I’m particularly reminded of a conversation I had with my former undergraduate mentor a few months before the APSA boycott.  He told me that he would be boycotting the annual meeting.  His longtime friends and colleagues in the discipline were boycotting as well.  But he also told me that he expected me to attend.  “You’re still pre-tenure and building your career,” he said, “this meeting is important for your job, you should be there. No one will think less of you for it.”

So I signed the petitions and the joint letters, but I also booked my reservations for the damn conference.  “Looks like I’ll take a stand next time,” I told myself.

Well, this sure seems like next time.

Here’s the argument in favor of selecting this conference location:

We are going there because that’s where our voices and presence are needed right now. We’re going there because that’s where organizing power is needed right now. We’re going there because that’s where we can have the greatest impact and affect the greatest change. We as a community need to go there because we need to join those on the ground who are fighting this fight everyday.

That sounds nice and all, but it rests on a misdiagnosis of what a national convention siting decision can accomplish.  National conventions don’t build lasting local activist infrastructure or organizing power.  If you go back to San Jose or Minneapolis or Providence, you won’t find concrete examples of progressive power building that emerged because the Netroots Nation convention was held there in years’ past.  That isn’t how it works. We fly in, we enrich the economy, we shine a brief spotlight, we fly out.  That’s all.

But national conventions are a real boon to the local Chamber of Commerce and elected officials.  Conventions are a concentrated form of economic power.  Cities compete for them.  You can use that power to reward your allies.  You can use it to demand concessions from your wavering targets.  You can use it to impose an opportunity cost on your enemies.
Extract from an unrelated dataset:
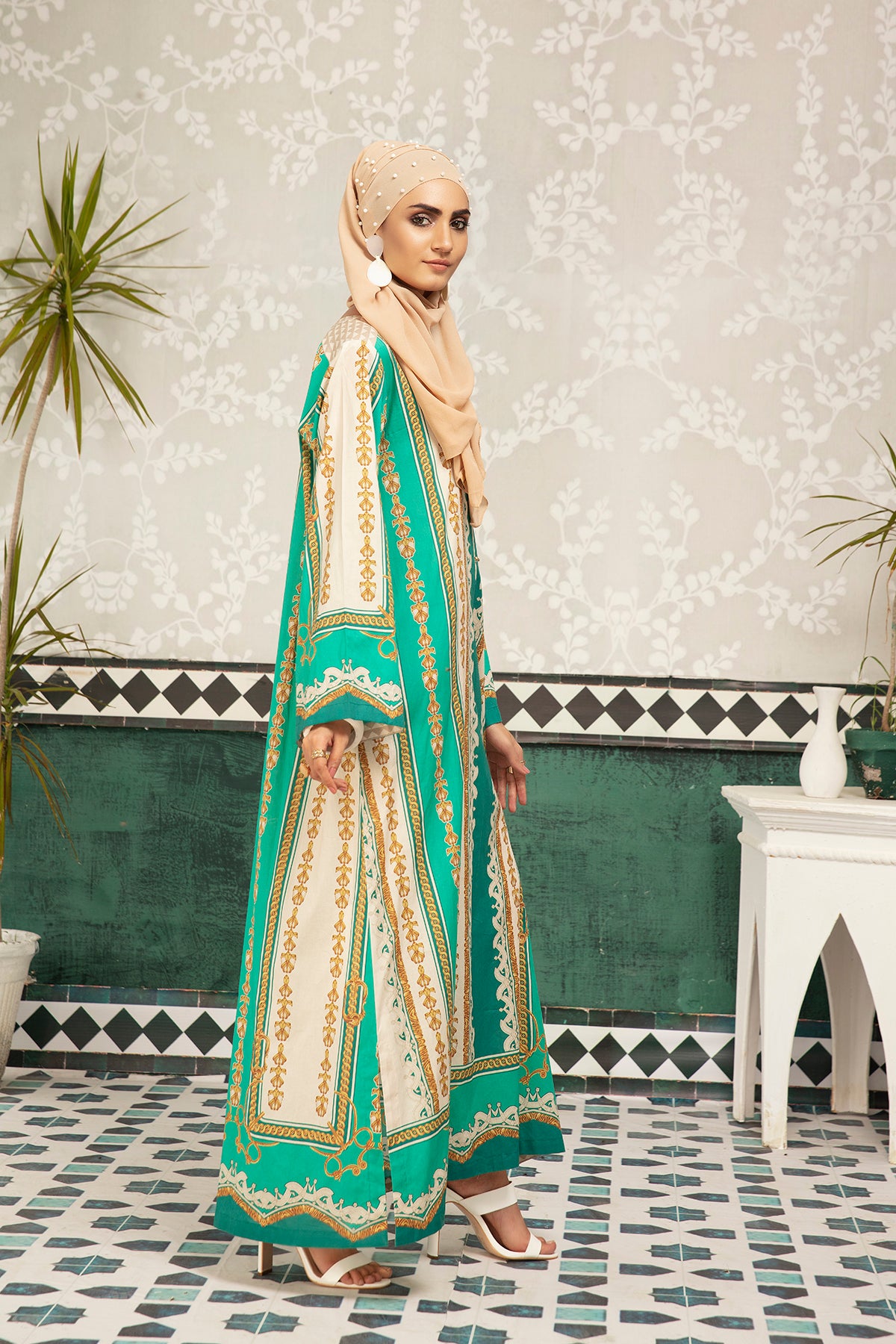 DS20-66 Printed Stitched Fustaan  1PC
To the organizing committee’s credit, they are right that placing the conference in Phoenix will put immigration at the top of the Netroots’ radar.  (Or, to be more precise, it will signal that immigration is already at the top of the Netroots’ radar.)  And that’s a laudable choice. I can see how they came to believe that this would be bold and empowering.  Any Presidential candidates who chose to attend the event should be ready for some tough questions.  But Arizona isn’t the only border state.  They can accomplish those goals without putting attendees in this position.
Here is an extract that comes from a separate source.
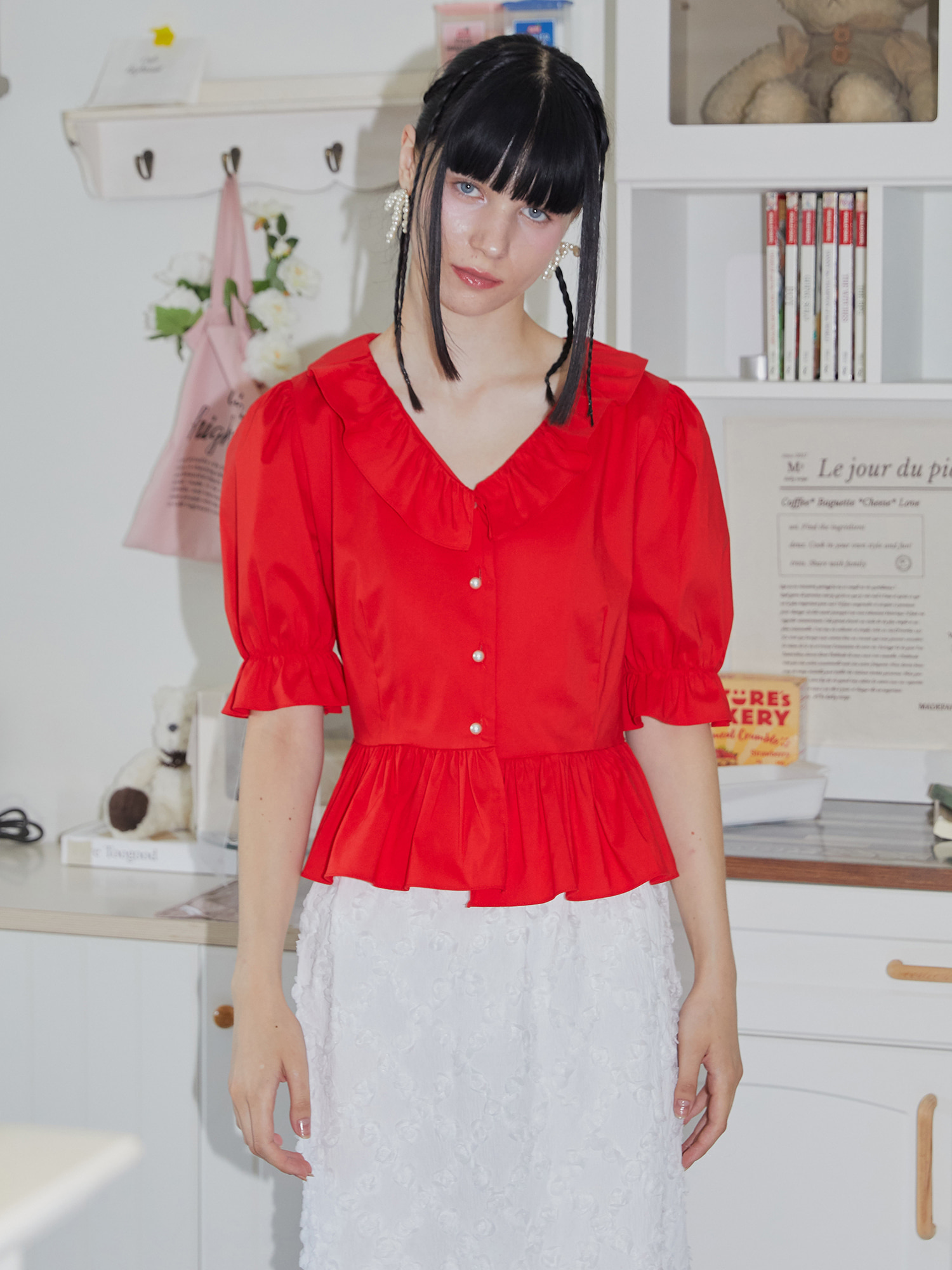 RED V FRILL BLOUSE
Here’s (one part) of Markos Moulitsas’s argument against the siting decision:

 …look to labor: Netroots Nation refuses to hold events in cities without union hotel and conference facilities. They’re not “taking the fight” to non-unionized locations because we, as a movement, stand for the right of people to organize and we don’t reward those places that deny those rights. It’s the right call. Also, would the conference have been happy to stay in Arizona had Gov. Jan Brewer signed the virulently anti-gay SB 1062 earlier this year? Hard to see that happening.

Latinos deserve that same kind of respect.

Markos is right.  Latinos are being targeted in Arizona.  Flying 4,000 people in for a weekend of workshops, keynote speeches, and a rally or two doesn’t provide lasting help.  The local Chamber of Commerce and elected officials will happily endure our presence so long as we’re all staying in their hotel chains and buying their products.  On Sunday, the conventioneers fly home, leaving their money behind.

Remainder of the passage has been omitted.